早稲田実業在学中の明治38年、コマ絵『筒井筒』の一等入選により初めて世に名をあらわした。
24歳のとき最初の妻たまきと結婚、長男虹之助をもうけた。が、2年で離婚。原因は夢二が銚子の海鹿島で『カタ』という女性に一目ぼれしてしまったからだ。夢二は何かしら口実をつけてはカタに会いに行った。そのときのことを「九十九里月見草さく浜づたひものおもふ子はおくれがちにて」と夢二は詠んでいる。しかしカタは鹿児島で結婚してしまい、その恋は叶わないものとなった。皮肉にもこの失恋があの有名な『宵待草』を生むきっかけになったのである。

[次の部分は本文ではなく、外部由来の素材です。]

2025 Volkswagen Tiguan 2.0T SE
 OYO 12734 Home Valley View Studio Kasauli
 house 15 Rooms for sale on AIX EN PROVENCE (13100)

夢二の傷心のうたとして…
その後『宵待草』は歌や映画にもなり人々に親しまれ続けた。そして『宵待草』の碑が全国各地に建てられ、1966年9月には九十九里浜にも碑が建てられている。
大正3年、夢二は生涯の恋人『彦乃』と会う。しかし大正7年彦乃は病に倒れ 25歳という若さでこの世を去った。
その後夢二は数々の女性を愛したが、その 悲しみが消え去ることはなかった。そして 夢二自身も49歳(昭和9年)でこの世を後にする。
【夢二が残した作品たち】
『夢二武美人』
多数の夢二画集や雑誌を通して
大正期の大衆の心をと とらえた。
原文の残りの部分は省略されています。